I previously wrote about my adventures in setting up a Mac Mini to be a Home Theater PC (HTPC). Part of the Mini's duties, as a HTPC, are to periodically wake up and check various RSS feeds for updates. Unfortunately some of the feeds have a large number of updates daily and checking them once per day means missing updates that have scrolled out of their RSS feed. To insure I did not miss an update I began thinking about how to check each RSS feed multiple times a day while still allowing the Mini to sleep (for the most part) while not actively in use.
The first solution is obvious: Configure the Mini to wake up several times a day, check the feeds, and go back to sleep when done. Apple systems do support scheduled wake times (and scheduled power off times, though that's not what I'm looking for), but they're limited to a single event. You can instruct an Apple computer to "wake up at 08:00" but you can't instruct it to "wake up at 00:00, 08:00, and 16:00."
The second solution: Write a script that will run on my server that will pull the RSS feeds and combine them into a single feed with, say, 48 hours worth of cached updates in it. This would involve actually writing a script, and testing it, and it seemed suspiciously like work. Likewise for trying to find a web site that already offers such a aggregation → republish service.
That led me back to the first option. Some research told me that I could use a command line utility called pmset would allow me to set the power management preferences as well as the wake/poweron schedule. Combining this with cron would allow me to, in essence, accomplish my first (and preferred) solution.
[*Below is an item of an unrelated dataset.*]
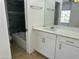 Updated bathroom with new vanity, a decorative mirror, and a tiled shower and tub at 510 N Alma School Rd # 259, Mesa, AZ 85201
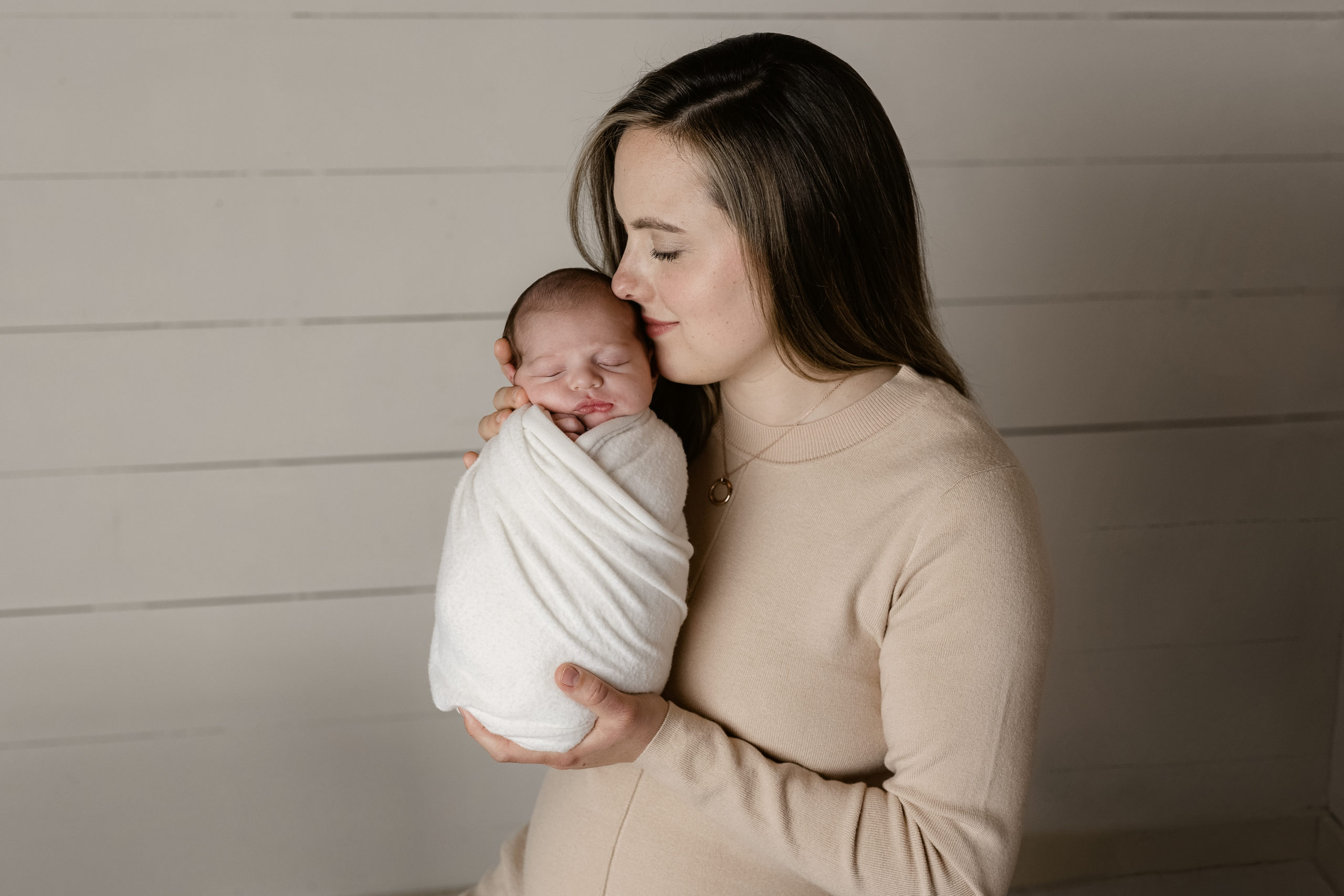 A new mom adoring her baby boy for newborn pictures in brookfield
The script used (inspired by this page):
#!/bin/bash
# pmset script
function usage
{
echo "Usage: [-h | --help] | [ [--midnight] [--morning] [--afternoon] ]"
}
if [ $(id -u) = "0" ]; then
echo
else
usage
echo "Must be run as root..."
exit 1
fi
# Reset our go-to-sleep pmset prefs just for fun.
# This can lead to a lot of confusion if someone tries
# to change things through the prefs panel.
#
# womp 1 == wake on magic packet
# displaysleep 0 == Don't waste effort trying to dim the display
# sleep 30 == sleep the system after 30 minutes of idle
# disksleep 3 == spin down HD after idle period
# autorestart 1 == restart after AC outage
pmset -a womp 1 disksleep 3 displaysleep 0 autorestart 1 sleep 30 2> /dev/null
mode=
case $1 in
--midnight ) mode=1
;;
--morning ) mode=2
;;
--afternoon ) mode=3
;;
-h | --help ) usage
exit
;;
* ) usage
exit 1
esac
if [ "$mode" = "1" ]; then
pmset repeat wakeorpoweron MTWRFSU 08:00:00
fi
if [ "$mode" = "2" ]; then
pmset repeat wakeorpoweron MTWRFSU 16:00:00
fi
if [ "$mode" = "3" ]; then
pmset repeat wakeorpoweron MTWRFSU 00:00:00
fi
exitI combined this with a crontab (for user root) that runs the script with appropriate arguments one minute after the Mini wakes up:
1 0 * * * /Users/example/apps/wakeup_scheduler.sh --midnight >/dev/null 2>&1
1 8 * * * /Users/example/apps/wakeup_scheduler.sh --morning >/dev/null 2>&1
1 16 * * * /Users/example/apps/wakeup_scheduler.sh --afternoon >/dev/null 2>&1The script sets the wakeup schedule to the next wakeup time. For me this means the Mini will wake up three times a day at eight-hour intervals (00:00, 08:00. 16:00). You can adjust as needed.
Voila. The Mini now wakes up, does its RSS thing, and goes back to sleep. All is well in the world.
Next up - I think a Whamberry will make my remote-control of the Mini-when-it's-a-computer a more satisfying experience (my Harmony remote handles Plex just fine but is of course useless for things outside of Plex). I suspect that once I have it I will hate it with a passion, but for now I am breathlessly waiting for delivery. Far-down-the-road ... replace the HDD in the Mini with a SDD drive or Flash thumb drive that will be limited to holding the OS and, maybe, user files while shuffling the main file storage to an external HDD OR to NAS. This SHOULD allow the HDD to be in a lower-power spun-down state more often, and should keep "active" things on a disk with no moving parts. That should save a couple of watts, right?